A stranger's just a friend you haven't met

This is really just an update to the previous post. Having "translated" the music of Schubert's Erlkönig from G Minor to G Major, I was bothered that the text displayed was still Goethe's dark and tragic German. Although I'm not capable of re-writing the German, I decided I would translate the original into English. 

As it happens, the connections between transcription and translation have been of interest to me since I started the blog, as can be seen here among many other posts. (A search of the name "Hofstadter" on the blog will turn up lots more!) But most importantly, this will work better when you inevitably feel led to sing along.

So, here we have an updated version of the story. No more "stranger danger" or creepy dancing daughters. (See Goethe's original here.) Because I'm insane, I did try to adhere pretty closely to the stanza structure of Goethe's poem, but with, for example, appropriate switches from a late night ride in the cold wind to an early ride at dawn in the breeze.

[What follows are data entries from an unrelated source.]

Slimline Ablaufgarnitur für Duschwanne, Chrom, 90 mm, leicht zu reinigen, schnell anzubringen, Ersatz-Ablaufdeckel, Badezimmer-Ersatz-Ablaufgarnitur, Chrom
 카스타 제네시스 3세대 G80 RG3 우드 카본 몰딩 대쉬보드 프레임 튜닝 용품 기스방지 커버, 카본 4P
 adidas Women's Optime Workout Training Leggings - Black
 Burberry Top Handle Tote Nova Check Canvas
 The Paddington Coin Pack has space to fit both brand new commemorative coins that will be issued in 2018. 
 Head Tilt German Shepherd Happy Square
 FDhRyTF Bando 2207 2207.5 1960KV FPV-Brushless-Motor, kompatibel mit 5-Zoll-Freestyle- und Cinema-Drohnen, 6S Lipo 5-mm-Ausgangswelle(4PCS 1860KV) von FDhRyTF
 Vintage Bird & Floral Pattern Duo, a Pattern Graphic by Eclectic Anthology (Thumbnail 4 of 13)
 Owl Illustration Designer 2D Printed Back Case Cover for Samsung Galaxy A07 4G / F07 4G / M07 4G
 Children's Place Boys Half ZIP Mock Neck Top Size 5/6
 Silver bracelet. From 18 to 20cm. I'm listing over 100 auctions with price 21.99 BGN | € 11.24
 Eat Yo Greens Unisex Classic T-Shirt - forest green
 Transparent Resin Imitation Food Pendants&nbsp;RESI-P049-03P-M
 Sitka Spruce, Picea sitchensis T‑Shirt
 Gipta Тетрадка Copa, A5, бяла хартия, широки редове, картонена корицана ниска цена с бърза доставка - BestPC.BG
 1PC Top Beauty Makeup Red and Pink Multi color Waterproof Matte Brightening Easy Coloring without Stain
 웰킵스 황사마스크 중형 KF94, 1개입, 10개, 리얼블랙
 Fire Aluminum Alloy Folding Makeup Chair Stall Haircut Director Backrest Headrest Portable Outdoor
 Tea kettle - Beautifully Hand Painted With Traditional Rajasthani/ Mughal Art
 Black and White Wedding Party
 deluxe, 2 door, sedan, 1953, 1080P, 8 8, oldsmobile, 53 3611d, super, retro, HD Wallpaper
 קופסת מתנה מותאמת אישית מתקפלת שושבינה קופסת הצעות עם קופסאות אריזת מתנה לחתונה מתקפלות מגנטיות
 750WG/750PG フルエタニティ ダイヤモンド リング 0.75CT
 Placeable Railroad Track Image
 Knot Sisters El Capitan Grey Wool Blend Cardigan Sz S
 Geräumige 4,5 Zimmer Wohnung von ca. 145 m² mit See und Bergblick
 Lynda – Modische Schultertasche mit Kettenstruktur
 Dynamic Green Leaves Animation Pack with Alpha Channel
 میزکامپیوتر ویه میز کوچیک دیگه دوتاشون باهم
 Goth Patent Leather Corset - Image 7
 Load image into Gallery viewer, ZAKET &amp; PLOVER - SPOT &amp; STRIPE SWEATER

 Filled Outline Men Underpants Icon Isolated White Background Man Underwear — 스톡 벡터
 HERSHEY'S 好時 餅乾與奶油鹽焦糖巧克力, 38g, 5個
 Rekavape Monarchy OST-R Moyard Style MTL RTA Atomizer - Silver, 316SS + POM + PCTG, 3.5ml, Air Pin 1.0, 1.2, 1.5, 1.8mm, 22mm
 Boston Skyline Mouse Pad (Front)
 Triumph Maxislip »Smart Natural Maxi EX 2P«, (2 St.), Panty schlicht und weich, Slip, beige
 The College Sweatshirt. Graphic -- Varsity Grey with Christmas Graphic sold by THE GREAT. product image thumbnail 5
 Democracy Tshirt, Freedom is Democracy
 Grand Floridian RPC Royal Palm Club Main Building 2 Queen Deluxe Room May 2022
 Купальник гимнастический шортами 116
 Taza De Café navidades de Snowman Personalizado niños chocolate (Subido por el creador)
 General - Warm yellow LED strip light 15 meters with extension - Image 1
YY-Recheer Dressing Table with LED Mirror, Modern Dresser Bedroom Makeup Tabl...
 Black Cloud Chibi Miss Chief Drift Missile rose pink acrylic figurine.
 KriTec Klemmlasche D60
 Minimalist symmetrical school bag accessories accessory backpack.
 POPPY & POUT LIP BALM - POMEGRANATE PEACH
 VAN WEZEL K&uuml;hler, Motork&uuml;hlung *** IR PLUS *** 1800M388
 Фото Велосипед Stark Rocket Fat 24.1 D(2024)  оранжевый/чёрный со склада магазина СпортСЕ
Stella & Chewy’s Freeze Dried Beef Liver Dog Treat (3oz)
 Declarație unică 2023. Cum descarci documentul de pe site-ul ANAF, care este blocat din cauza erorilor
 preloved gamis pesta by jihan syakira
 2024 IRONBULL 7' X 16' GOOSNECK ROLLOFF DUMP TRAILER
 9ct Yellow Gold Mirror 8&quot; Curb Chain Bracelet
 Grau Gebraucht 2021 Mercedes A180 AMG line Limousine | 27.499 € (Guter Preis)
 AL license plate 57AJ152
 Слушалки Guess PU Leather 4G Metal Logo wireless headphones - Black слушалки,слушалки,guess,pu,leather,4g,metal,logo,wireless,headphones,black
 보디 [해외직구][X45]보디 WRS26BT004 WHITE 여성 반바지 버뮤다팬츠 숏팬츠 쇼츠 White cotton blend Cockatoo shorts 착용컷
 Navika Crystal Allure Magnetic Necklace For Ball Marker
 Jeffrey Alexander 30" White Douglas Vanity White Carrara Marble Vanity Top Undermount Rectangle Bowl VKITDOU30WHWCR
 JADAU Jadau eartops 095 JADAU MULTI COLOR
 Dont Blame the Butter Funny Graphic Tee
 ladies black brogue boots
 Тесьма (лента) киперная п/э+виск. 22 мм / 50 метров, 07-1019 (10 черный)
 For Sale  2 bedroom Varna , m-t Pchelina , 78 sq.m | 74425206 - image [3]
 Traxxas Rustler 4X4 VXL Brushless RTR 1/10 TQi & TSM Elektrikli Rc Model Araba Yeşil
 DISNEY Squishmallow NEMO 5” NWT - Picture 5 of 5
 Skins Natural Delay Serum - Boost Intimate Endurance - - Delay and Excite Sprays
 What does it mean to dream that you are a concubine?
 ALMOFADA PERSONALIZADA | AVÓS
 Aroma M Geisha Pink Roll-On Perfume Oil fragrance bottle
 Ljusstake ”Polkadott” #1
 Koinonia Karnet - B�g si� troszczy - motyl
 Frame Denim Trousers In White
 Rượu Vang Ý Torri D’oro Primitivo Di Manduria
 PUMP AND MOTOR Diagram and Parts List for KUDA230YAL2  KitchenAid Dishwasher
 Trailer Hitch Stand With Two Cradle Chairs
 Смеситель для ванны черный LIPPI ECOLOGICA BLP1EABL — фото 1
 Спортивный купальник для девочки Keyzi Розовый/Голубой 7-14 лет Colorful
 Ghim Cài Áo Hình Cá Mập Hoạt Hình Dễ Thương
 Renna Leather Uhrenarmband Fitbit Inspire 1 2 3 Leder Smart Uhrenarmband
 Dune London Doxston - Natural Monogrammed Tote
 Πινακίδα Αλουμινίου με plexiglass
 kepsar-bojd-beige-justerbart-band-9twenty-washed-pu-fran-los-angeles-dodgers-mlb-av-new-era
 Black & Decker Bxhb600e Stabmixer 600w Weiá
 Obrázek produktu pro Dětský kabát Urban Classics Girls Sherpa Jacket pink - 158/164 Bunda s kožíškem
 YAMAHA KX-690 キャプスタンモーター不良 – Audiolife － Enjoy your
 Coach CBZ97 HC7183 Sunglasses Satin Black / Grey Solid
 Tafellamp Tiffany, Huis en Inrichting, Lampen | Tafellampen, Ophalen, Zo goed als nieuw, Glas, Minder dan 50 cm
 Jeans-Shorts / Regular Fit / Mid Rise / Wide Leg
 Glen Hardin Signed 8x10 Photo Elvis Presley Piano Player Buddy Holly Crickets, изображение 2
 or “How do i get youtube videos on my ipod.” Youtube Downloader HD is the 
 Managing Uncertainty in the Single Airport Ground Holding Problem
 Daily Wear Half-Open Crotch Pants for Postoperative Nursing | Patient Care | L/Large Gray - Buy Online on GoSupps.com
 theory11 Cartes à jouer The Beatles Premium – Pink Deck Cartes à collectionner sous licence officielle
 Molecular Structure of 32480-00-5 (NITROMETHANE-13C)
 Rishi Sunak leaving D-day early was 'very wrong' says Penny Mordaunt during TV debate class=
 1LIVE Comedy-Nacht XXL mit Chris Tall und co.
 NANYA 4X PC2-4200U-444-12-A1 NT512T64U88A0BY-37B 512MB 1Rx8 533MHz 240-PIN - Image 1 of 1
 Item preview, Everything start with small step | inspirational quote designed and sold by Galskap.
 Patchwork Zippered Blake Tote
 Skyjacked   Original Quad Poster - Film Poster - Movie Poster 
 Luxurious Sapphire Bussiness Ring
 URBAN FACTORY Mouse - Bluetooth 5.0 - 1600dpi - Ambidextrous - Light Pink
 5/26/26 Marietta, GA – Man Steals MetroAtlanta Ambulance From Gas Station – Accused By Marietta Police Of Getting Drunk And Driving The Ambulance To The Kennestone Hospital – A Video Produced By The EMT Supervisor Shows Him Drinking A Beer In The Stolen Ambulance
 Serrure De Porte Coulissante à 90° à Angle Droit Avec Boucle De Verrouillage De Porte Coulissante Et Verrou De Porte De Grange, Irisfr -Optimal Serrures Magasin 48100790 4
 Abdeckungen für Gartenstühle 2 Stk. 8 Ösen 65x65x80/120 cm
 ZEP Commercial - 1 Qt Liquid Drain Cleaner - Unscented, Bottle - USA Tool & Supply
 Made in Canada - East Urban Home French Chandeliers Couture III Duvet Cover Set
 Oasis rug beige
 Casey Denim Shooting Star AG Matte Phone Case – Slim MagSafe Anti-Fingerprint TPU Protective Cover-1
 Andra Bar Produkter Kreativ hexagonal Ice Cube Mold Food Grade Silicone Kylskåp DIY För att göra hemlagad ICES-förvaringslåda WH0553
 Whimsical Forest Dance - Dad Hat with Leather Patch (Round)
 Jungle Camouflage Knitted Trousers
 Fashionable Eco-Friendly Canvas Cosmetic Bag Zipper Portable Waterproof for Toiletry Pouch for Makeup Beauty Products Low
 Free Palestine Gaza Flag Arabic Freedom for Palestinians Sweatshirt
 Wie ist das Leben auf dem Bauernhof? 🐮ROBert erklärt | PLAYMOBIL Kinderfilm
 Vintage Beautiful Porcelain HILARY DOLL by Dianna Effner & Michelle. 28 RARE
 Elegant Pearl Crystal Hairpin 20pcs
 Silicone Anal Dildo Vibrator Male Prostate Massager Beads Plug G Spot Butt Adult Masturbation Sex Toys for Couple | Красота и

Notice that, just as my "transcription" of the original Schubert song into a major key is a distortion which is nevertheless defined by the original musical structure, this new "translation" also aims to be a distortion which is nevertheless defined by the original text. 

I think I've said enough:

But wait! There's more!

Friday, September 22, 2023

Changes both major and minor

 Recently, the following image made its way around on social media:

Schubert's Erlkönig is one of the most iconic works in the classical canon, helped a good bit by the fact that it shows up in many anthologies for music history/appreciation classes. Although Schubert is rightly celebrated for his hundreds of songs, it's a little unusual that this is often the standard-bearer since he didn't really write anything else quite like it, but it packs an incredible dramatic punch. The mercilessly cruel piano part might seem to be a disadvantage for getting the song performed, but the notoriety it adds has only helped to amplify the legend. (I once expressed this in J. Peterman form.) 

As it happens, I spent extra time with this song while leading a piano seminar at a chamber music camp this past summer. I wanted to expose the pianists - some of whom were playing pretty advanced stuff by Liszt, Chopin, etc. - to the crazy technical challenge this "accompaniment" represents. My idea was that, because its relentless repetition is what makes it so difficult, I'd have pianists trade off playing the repeating octaves/chords bar by bar, so it was also meant to be a sightreading challenge. In my "arrangement" for four pianists and two pianos, two students traded triplets while one played the left hand part and another played the vocal melody up an octave or two. This allowed for different levels of skill among those sightreading as well. I won't say we ever made great music out of it, but it was fun and right in my wheelhouse.

Speaking of my wheelhouse, I knew almost as soon as I read the posting above that I'd need to create a version of this song in G Major. To be clear, though Erlkönig is published in a variety of keys, they are all obviously minor keys, so the request for a major key is worth a chuckle, especially considering how that might alter its tragic ending. My best guess is that the requester wanted a version in E Minor, and asked for G Major because that has the same key signature, but what if someone really wants this music in a major key?

Well, it turns out to be less straightforward than one might imagine. There's a kind of casual way in which many think of major and minor as opposites. They are indeed used in opposition to each other often, but without going into detail, it's just not a pure binary distinction - especially if the music modulates, which Schubert's does often in this case. It's one thing to turn a simple melody like that of "Happy Birthday" into a satisfying minor key version which can seem like a kind of opposite, but once there are modulations, lots of things get murky. 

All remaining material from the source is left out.